- WORK ORDER:
Among the entries below, take the line with "Vista 5 de Frida" and the line with "Fenton Cranberry Glass", and output them and every line between them exactly, with nothing else.

- INPUT DATA:
______________________________
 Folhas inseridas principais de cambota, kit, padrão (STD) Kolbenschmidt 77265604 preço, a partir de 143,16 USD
______________________________
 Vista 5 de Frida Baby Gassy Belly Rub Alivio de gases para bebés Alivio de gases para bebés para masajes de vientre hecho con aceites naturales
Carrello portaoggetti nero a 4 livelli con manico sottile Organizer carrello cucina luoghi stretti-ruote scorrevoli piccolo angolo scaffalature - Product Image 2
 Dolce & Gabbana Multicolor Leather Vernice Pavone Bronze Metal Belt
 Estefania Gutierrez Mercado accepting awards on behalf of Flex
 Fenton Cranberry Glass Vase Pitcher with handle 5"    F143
______________________________
- RESULT BELOW:
 Vista 5 de Frida Baby Gassy Belly Rub Alivio de gases para bebés Alivio de gases para bebés para masajes de vientre hecho con aceites naturales
Carrello portaoggetti nero a 4 livelli con manico sottile Organizer carrello cucina luoghi stretti-ruote scorrevoli piccolo angolo scaffalature - Product Image 2
 Dolce & Gabbana Multicolor Leather Vernice Pavone Bronze Metal Belt
 Estefania Gutierrez Mercado accepting awards on behalf of Flex
 Fenton Cranberry Glass Vase Pitcher with handle 5"    F143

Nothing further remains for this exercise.